O Projeto de Lei do Vale Cultura é um exemplo muito animador dessa nova forma de pensar a Cultura e, na minha visão, representa um divisor de águas na política cultural do país.

Em primeiro lugar, essa iniciativa representa um salto qualitativo; representa um novo conceito de investimento cultural, resgatando os valores de Platão ao buscar o empoderamento do cidadão. O grande lance do Vale Cultura é que ele coloca o poder de decisão nas mãos do cidadão trabalhador: é ele ou ela que escolhe onde vai ver uma peça de teatro ou assistir um filme; que escolhe qual livro ou qual CD deve ser comprado.

Esse novo poder de compra nas mãos do trabalhador possibilita a edificação de novas audiências bem na comunidade onde ele habita, a partir de espaços culturais que se mostram aptos a acomodar as escolhas culturais do cidadão trabalhador perto de casa, onde o fator de proximidade ao produto cultural é determinante. Então, essa novidade inverte a lógica vigente e democratiza as tendências culturais da sociedade no momento em que viabiliza o funcionamento de todo um aparelho cultural próximo ao trabalhador, visando atender um novo mercado cultural bilionário que abarca milhões de pessoas.

A gente estima que 12 milhões de brasileiros deverão se beneficiar do Vale Cultura, e também que o consumo cultural no país deve aumentar em mais de 7 bilhões de reais por ano. Isso fortalece desde as cadeias produtivas da economia da cultura, até a diversidade cultural brasileira, a profissionalização, o aprimoramento técnico, a geração de renda, o trabalho e o emprego.

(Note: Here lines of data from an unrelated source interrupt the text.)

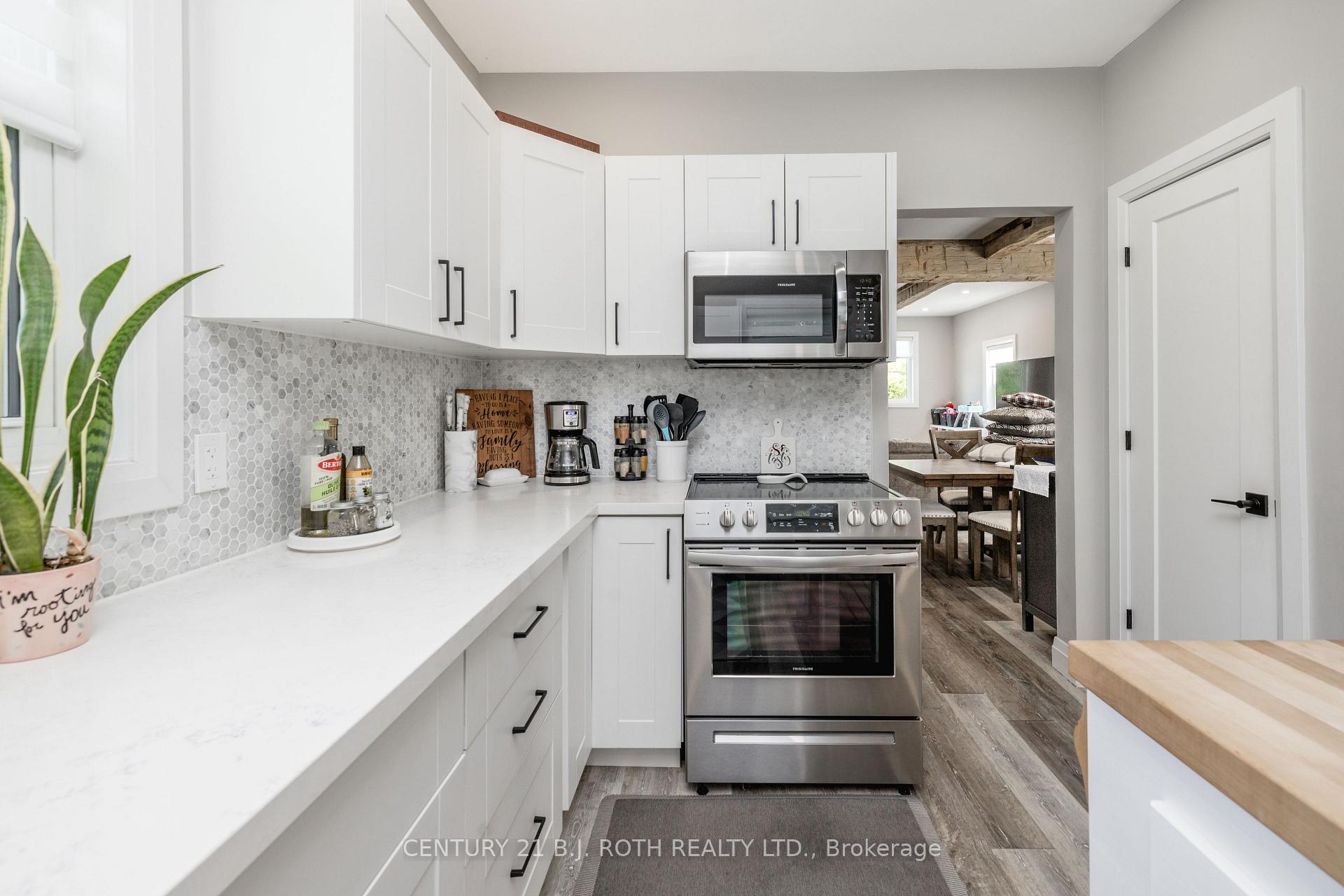 528 First Avenue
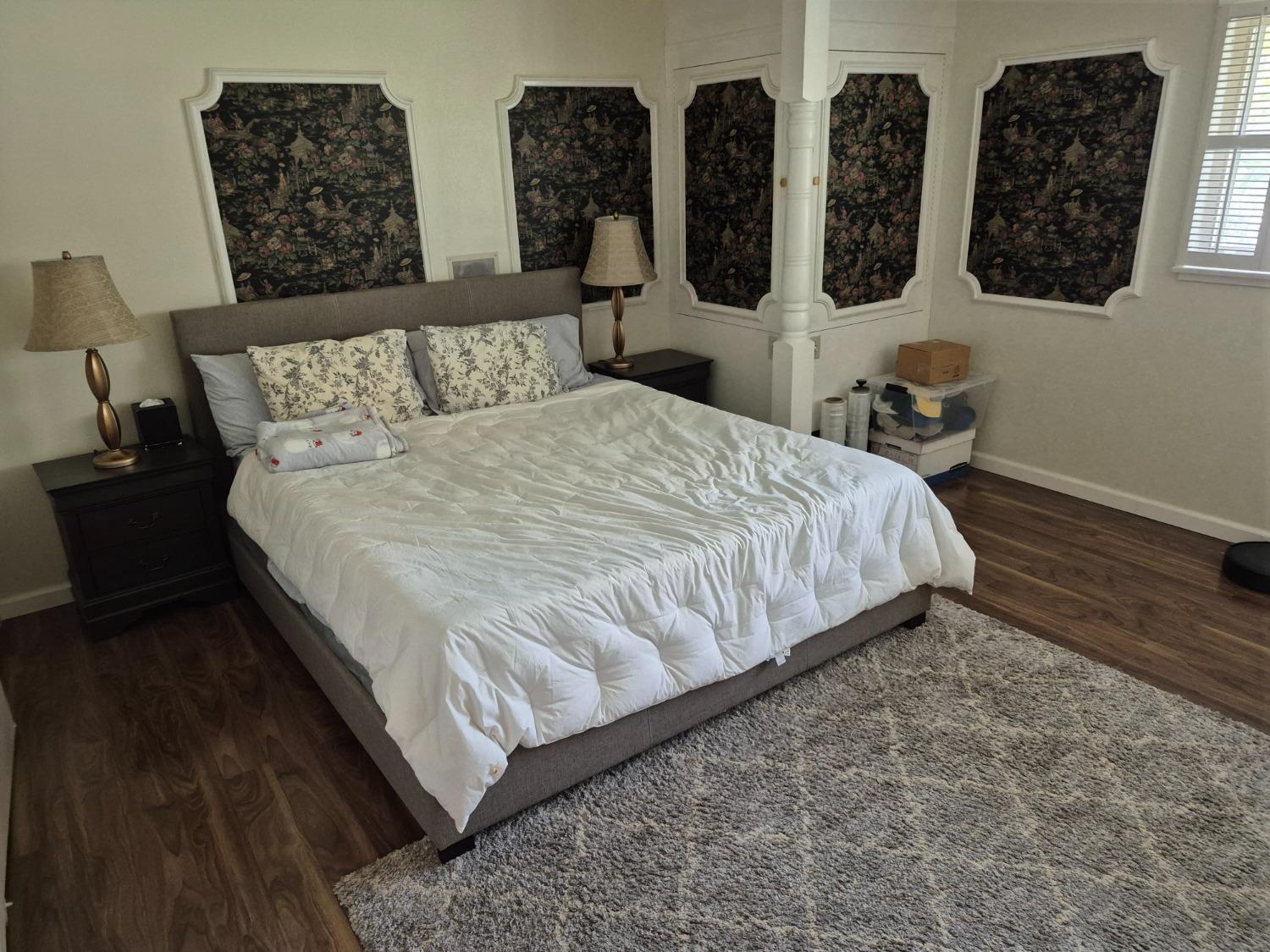 Detail Gallery Image 27 of 43 For 2140 Pennington Ct, Stockton,  CA 95207 - 4 Beds | 3 Baths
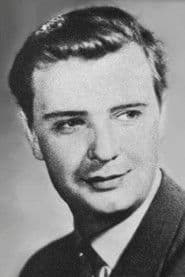 Леонид Губанов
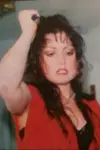 Photo Debbie D #485636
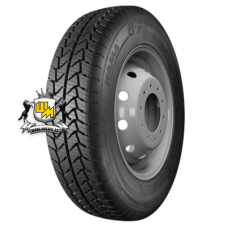 Kama 185/75R13C 99/97N Кама-365 LT (НК-243) TL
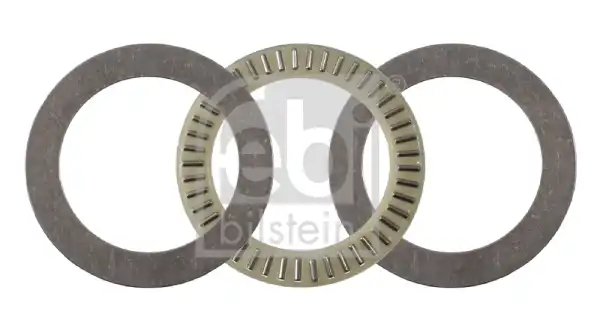 FEBI 12736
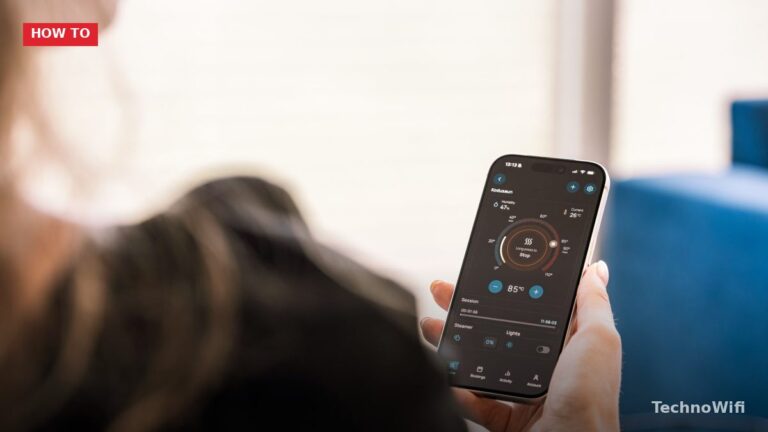 How to Set Up Google Nest WiFi (2026)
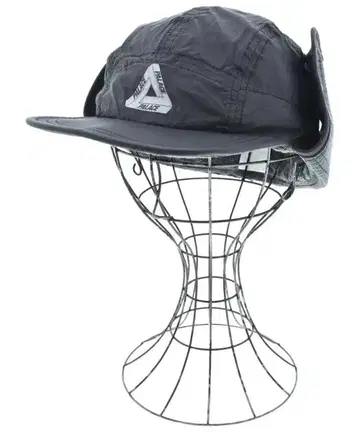 PALACE 캡 남성용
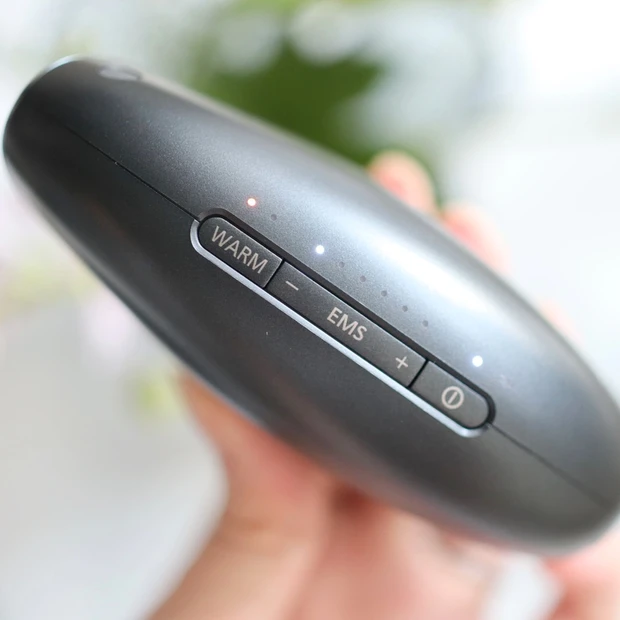 パナソニック バイタリフト かっさ EH-SP85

Quando nós descentralizamos o consumo e a produção da cultura, social e geograficamente, nós estamos eliminando camadas intermediárias da cadeia cultural e trazendo a experiência cultural para mais perto do quotidiano vivido pelo povo; para mais perto de casa e dos filhos, e mais longe da hegemonia que favorece a comoditização da cultura porque tende a se limitar à imitação estrangeira, aos rótulos publicitários e ao lucro.

Em síntese, a descentralização da cultura cria incentivos à cultura que vive do valor agregado e não do preço do ingresso. Essa é a cultura viva que a gente precisa para dar sentido, ritmo e sustentação ao desenvolvimento do país.